Work required – Only the lines of the listing below that run from the line with "Bottlenose Dolphin Caribbean" through the line with "X0000054471306200507291037" are to be set down, word for word. Pictures stay out.

Given entries –

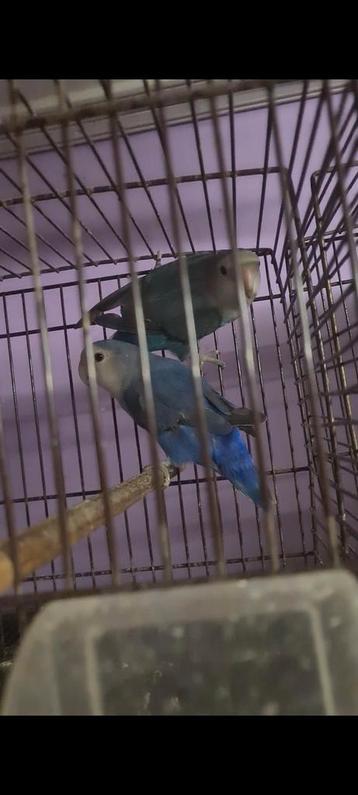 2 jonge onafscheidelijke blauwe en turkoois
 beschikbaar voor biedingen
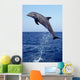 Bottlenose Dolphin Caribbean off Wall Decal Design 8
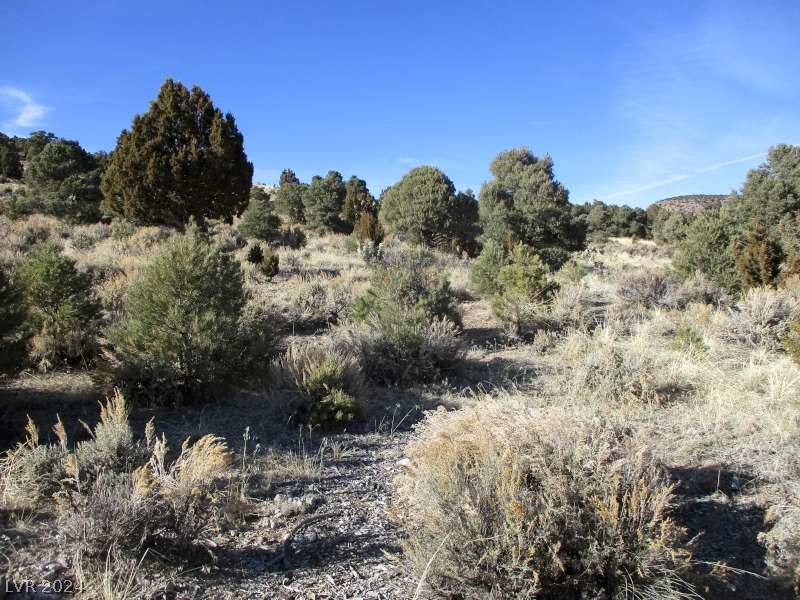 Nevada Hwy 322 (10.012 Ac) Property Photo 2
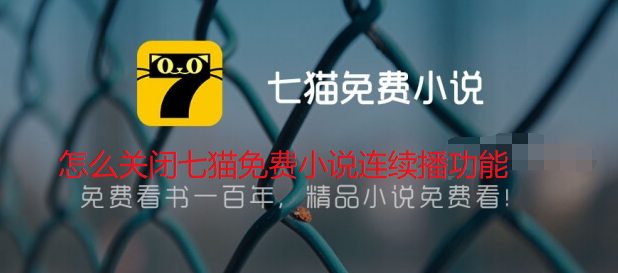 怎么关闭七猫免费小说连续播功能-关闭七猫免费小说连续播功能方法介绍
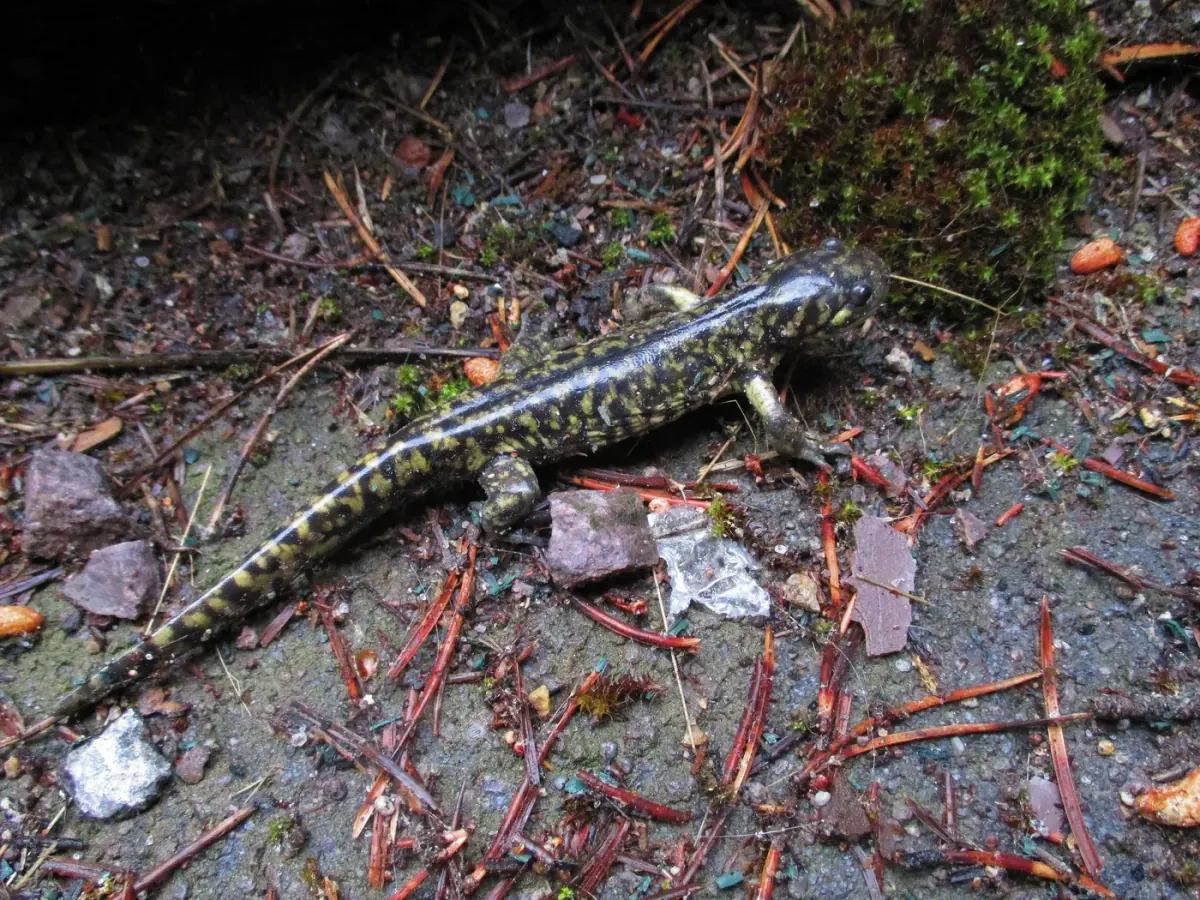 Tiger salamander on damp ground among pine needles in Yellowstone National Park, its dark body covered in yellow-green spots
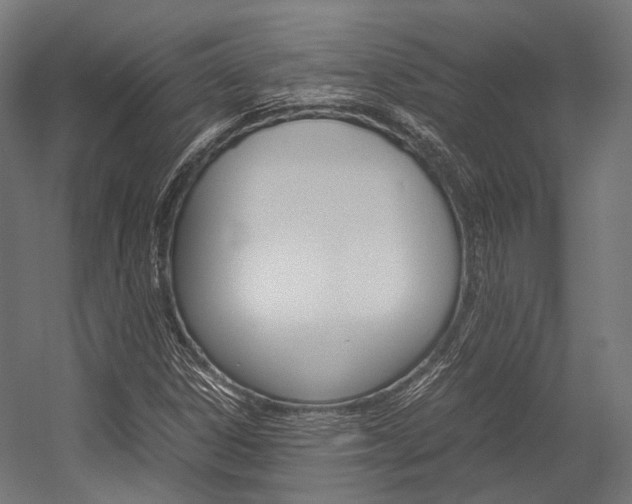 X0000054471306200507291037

--

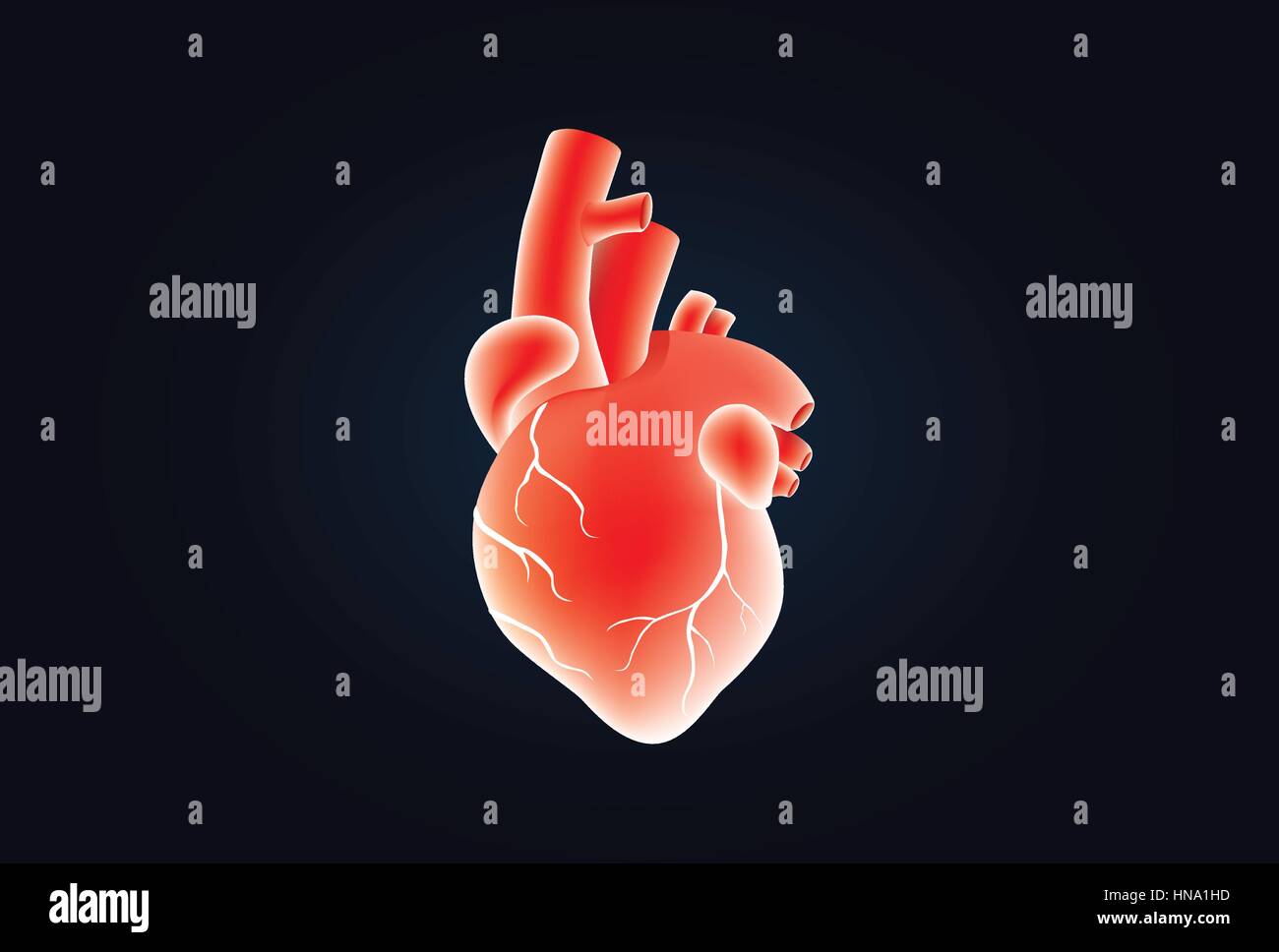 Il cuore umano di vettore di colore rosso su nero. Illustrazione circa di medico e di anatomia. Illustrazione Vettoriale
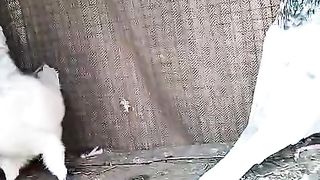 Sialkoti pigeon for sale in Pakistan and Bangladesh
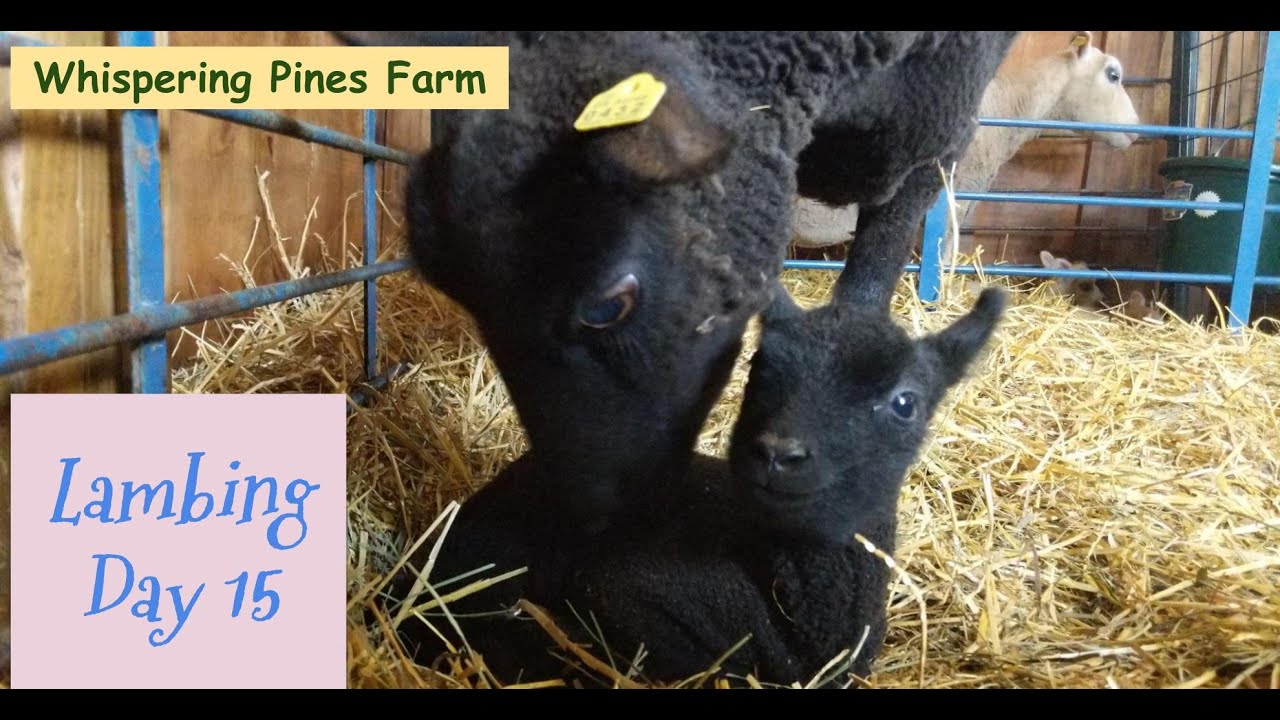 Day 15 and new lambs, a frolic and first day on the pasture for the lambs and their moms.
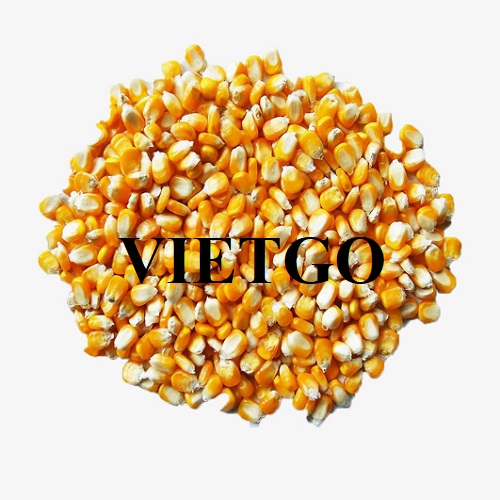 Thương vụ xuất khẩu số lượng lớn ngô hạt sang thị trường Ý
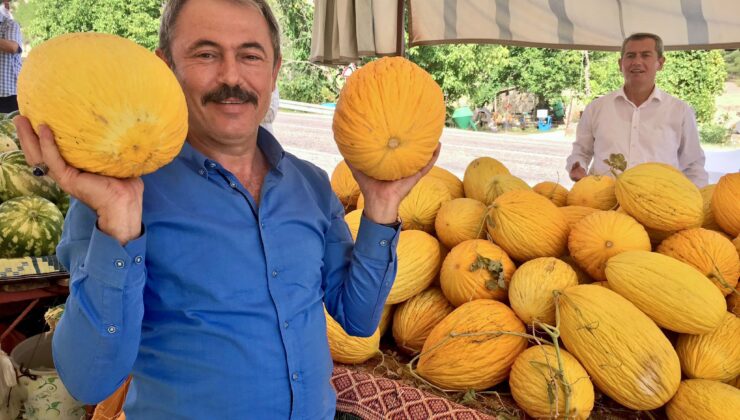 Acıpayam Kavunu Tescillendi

--

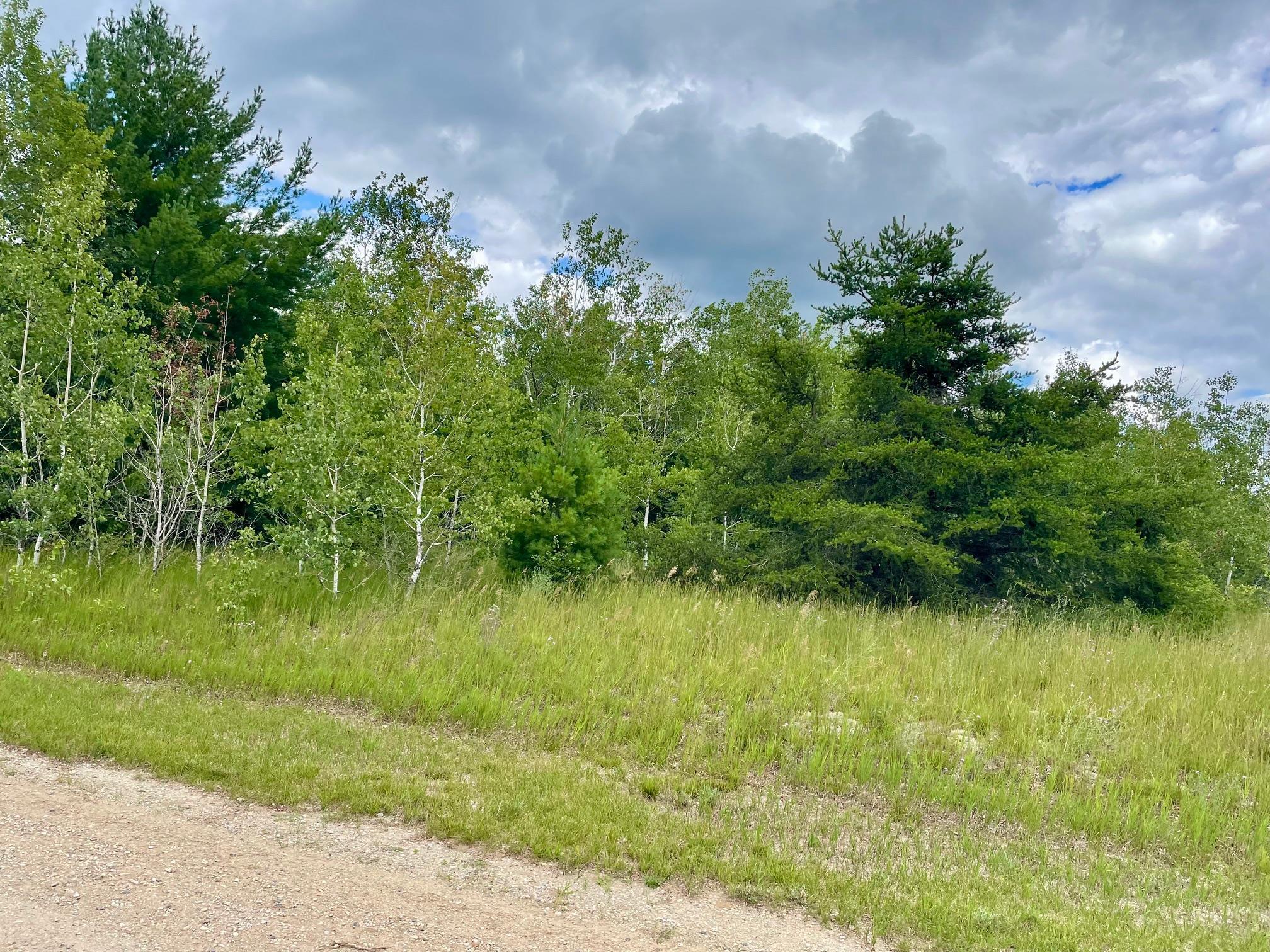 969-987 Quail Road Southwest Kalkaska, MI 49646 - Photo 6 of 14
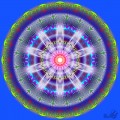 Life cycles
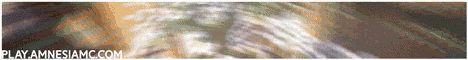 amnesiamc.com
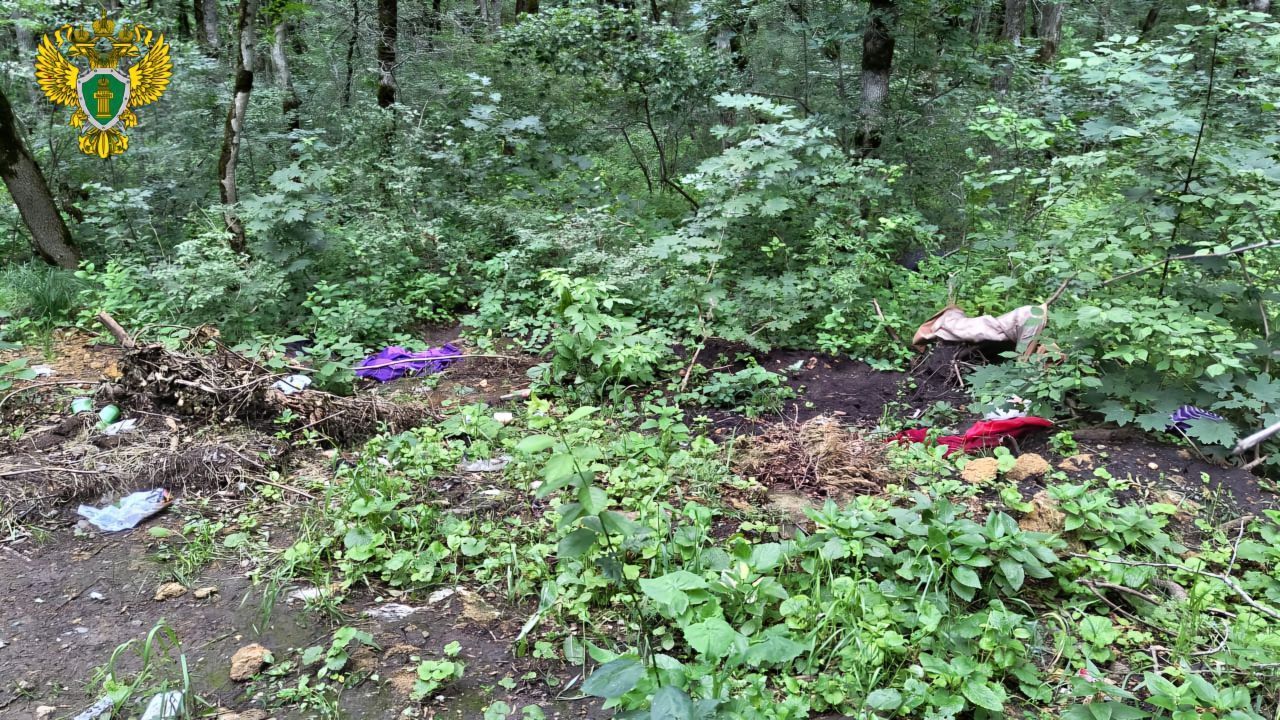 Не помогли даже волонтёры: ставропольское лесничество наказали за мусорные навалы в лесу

Answer to this problem –
 Bottlenose Dolphin Caribbean off Wall Decal Design 8
 Nevada Hwy 322 (10.012 Ac) Property Photo 2
 怎么关闭七猫免费小说连续播功能-关闭七猫免费小说连续播功能方法介绍
 Tiger salamander on damp ground among pine needles in Yellowstone National Park, its dark body covered in yellow-green spots
 X0000054471306200507291037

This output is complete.